What is being asked ▸
From the line containing "Elevalunas Electrico Delantero" through the end of the material below, output each line exactly as written, with pictures excluded.

-- Dataset excerpt follows --

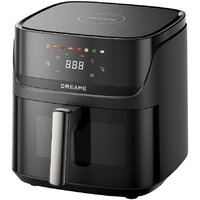 Аэрогриль (аэрофритюрница) Dreame Air Fryer AF10 Pro - фото2 Аэрогриль (аэрофритюрница) Dreame Air Fryer AF10 Pro - фото2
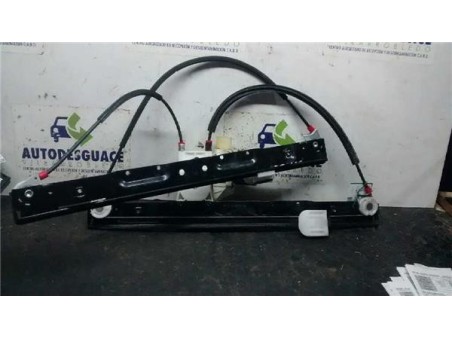 Elevalunas Electrico Delantero Izquierdo Ford GALAXY 2 0 TDCi 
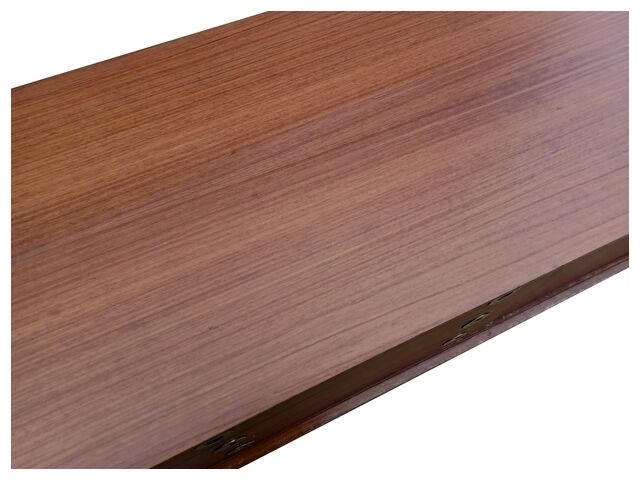 Teak sideboard Scandinavian design 1950s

-- Dataset excerpt concluded --

Exercise answer ▸
 Elevalunas Electrico Delantero Izquierdo Ford GALAXY 2 0 TDCi 
 Teak sideboard Scandinavian design 1950s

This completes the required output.